This September a group of 10 St Mungo’s clients climbed Scafell Pike, England’s highest peak. The challenge was the idea of St Mungo’s client and volunteer Mandy. She explains more about how she wanted to take part to remember all those who have died sleeping rough and to show it is possible to recover from homelessness.
I’m Mandy, I live in Islington with my dog Skye and I volunteer for St Mungo’s, the charity that helps people experiencing homelessness. On 3 September, I stood on top of the highest peak in England and it was one of the proudest moments of my life.
St Mungo’s helped me when I was sleeping rough
Unfortunately, life hasn’t always been this good. Throughout my life, I have struggled with mental illness and, due to family problems, I found myself homeless. In 2014, I slept on the streets for two and a half weeks.
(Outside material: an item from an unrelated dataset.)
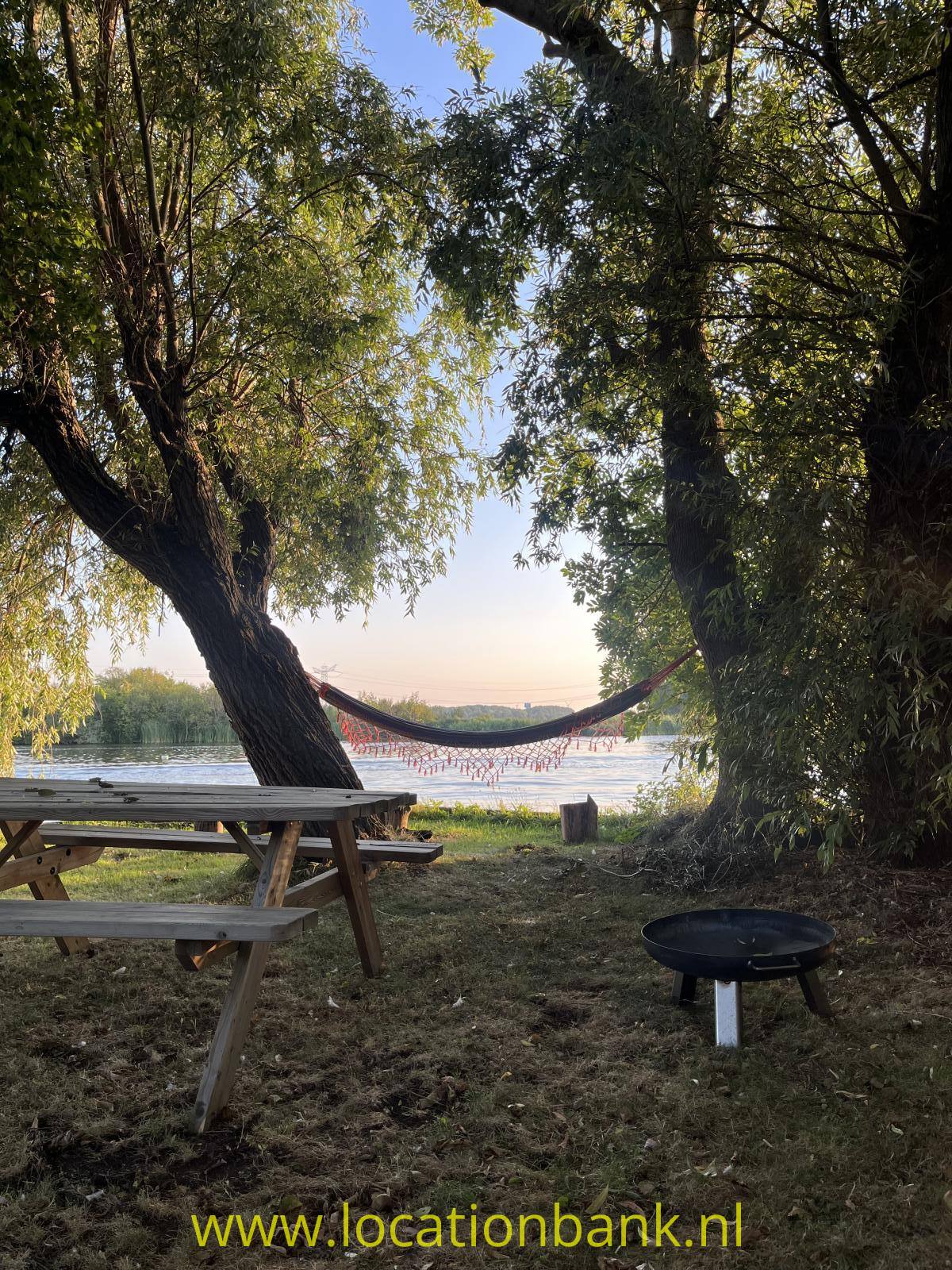 Ein hölzerner Picknicktisch steht unter Bäumen im Garten neben einer Hängematte am Wasser.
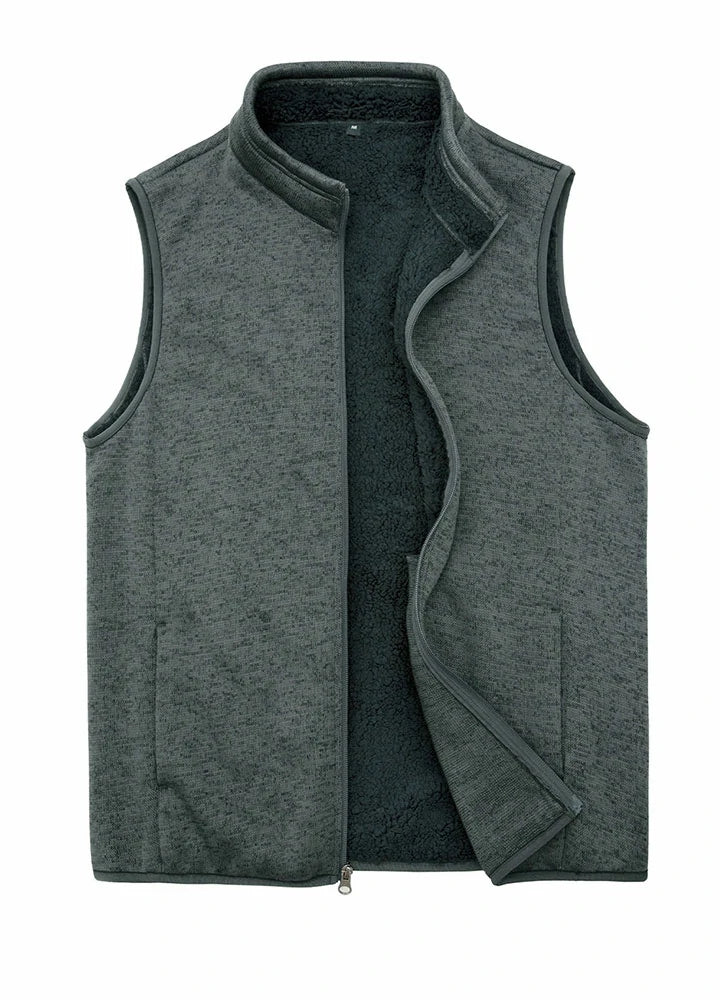 Men's sweater fleece vest with sherpa lining, full-zip closure, and stand-up collar, perfect for winter wear.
Living on the streets became so tough that it led to an attempted suicide. However, after visiting a local church for a shower and some food, I was introduced to St Mungo’s. They offered Skye and myself a place in a hostel and I have lived in their accommodation ever since.
I’ve come a long way since then, which is why last year I had the idea to climb a mountain with other people with experience of homelessness. I wanted to do this to show it is possible to recover from homelessness and to remember all those who aren’t as lucky as me, who have sadly died sleeping rough. Our first mountain in 2017 was Snowdon and this year, we chose Scafell Pike.
Preparing for the 3,210ft summit
So on 3 September 2018, we all caught the train from London to Penrith in the Lake District and nervously waited overnight for the next day’s climb.
We were a mixed group of 10 men and women. Our age, our fitness, our hiking experience and our mental and physical health needs were all varied. But, we had one thing in common; we all knew what it felt to be homeless and we all wanted to prove that it is possible to recover from it. We did this alongside St Mungo’s staff, supporters and volunteers.
After next to no sleep in our youth hostel in Borrowdale due to nerves and excitement, we set off the next day at 7.30am for Scafell Pike. Walking the streets of London is second nature for lots of us. However rocky, steep terrain is different and it became clear quite quickly that it was going to be a challenge to get us all to the top. In fact, half way up, our guides became concerned that some of the group would not make it.
Reaching the peak
It took resilience, determination and a lot of encouragement but every single person reached the peak. I’ll never forget that moment. I’ve spent my life hiding under a rock and suddenly I was on top of the highest one in England!
What we didn’t realise, was that making our way down was going to be even harder. It took over 12 and a half hours before we arrived back at our youth hostel at 8pm in the evening.
When my aching body got into bed that night, I thought about how far I’ve come in the last six years and how grateful I am that I now have a place to call home.